* Task description
Range to copy from the entries below: the line containing "H4 -Temperatursensor im" through the line containing "香椿豆腐的做法步骤:2", inclusive. Retype only those lines, exactly, without any images.

* Supplied records
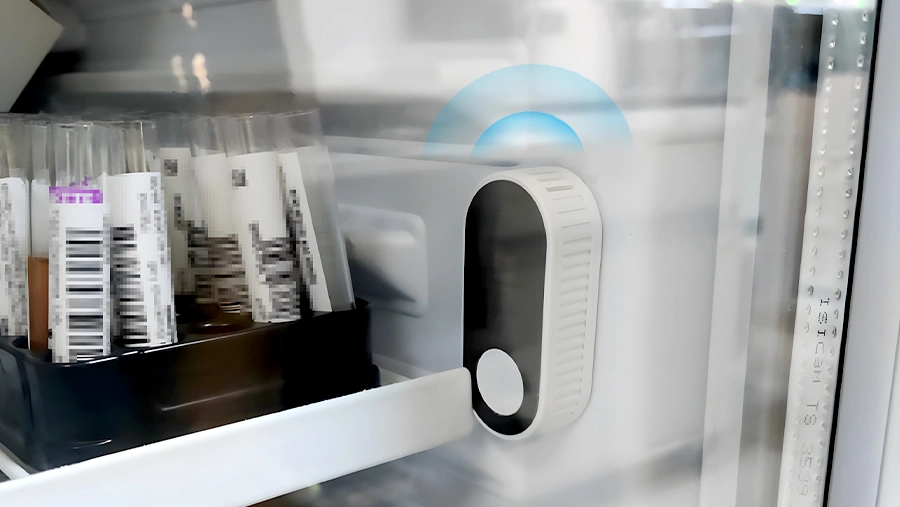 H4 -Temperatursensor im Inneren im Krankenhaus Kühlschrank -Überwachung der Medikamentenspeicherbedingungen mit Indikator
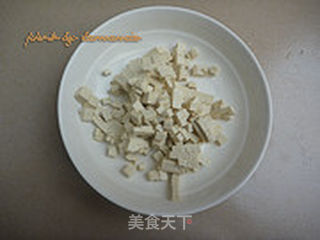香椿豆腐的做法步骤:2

==

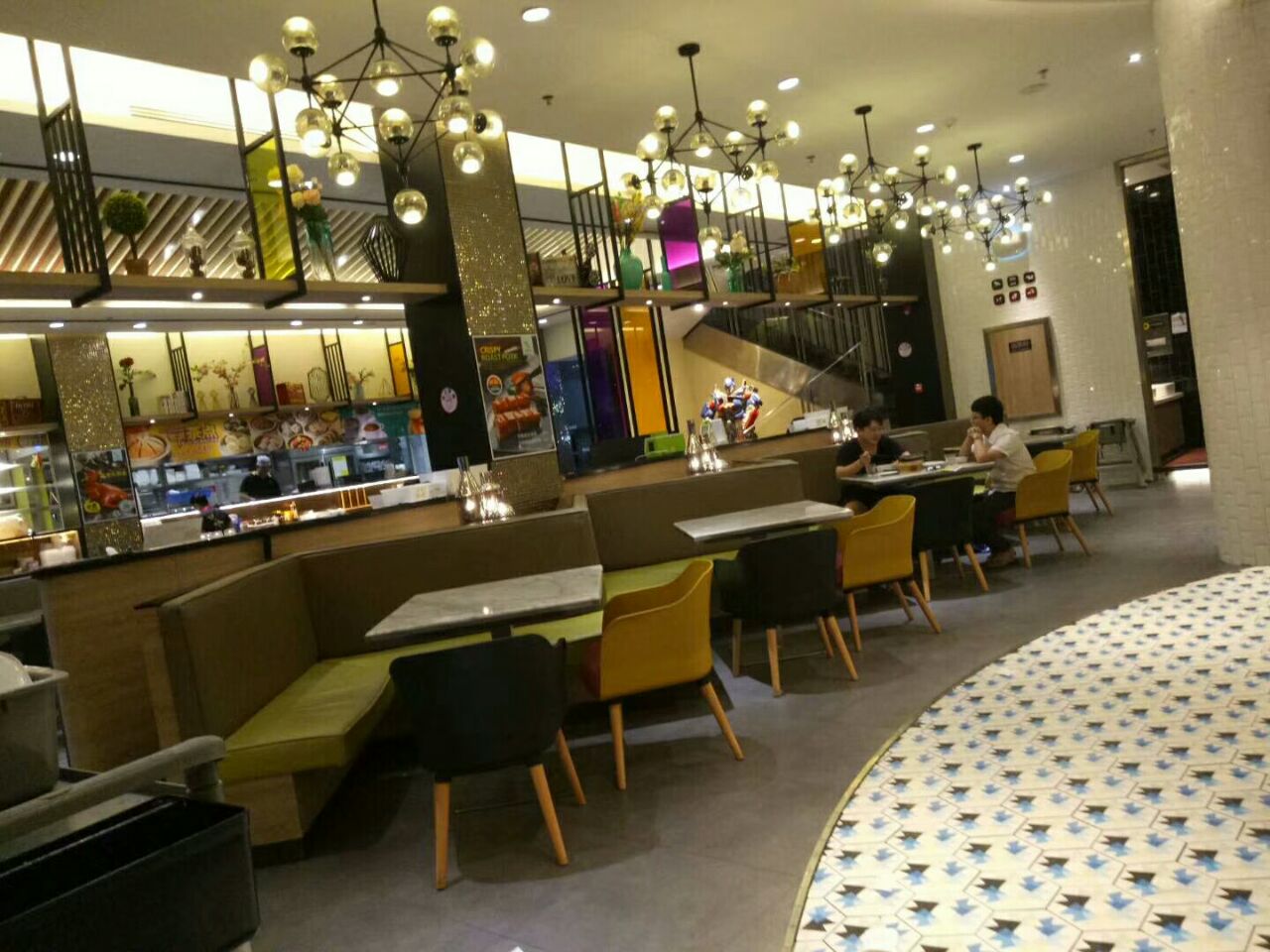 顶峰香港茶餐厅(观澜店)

* Problem solution
 H4 -Temperatursensor im Inneren im Krankenhaus Kühlschrank -Überwachung der Medikamentenspeicherbedingungen mit Indikator
香椿豆腐的做法步骤:2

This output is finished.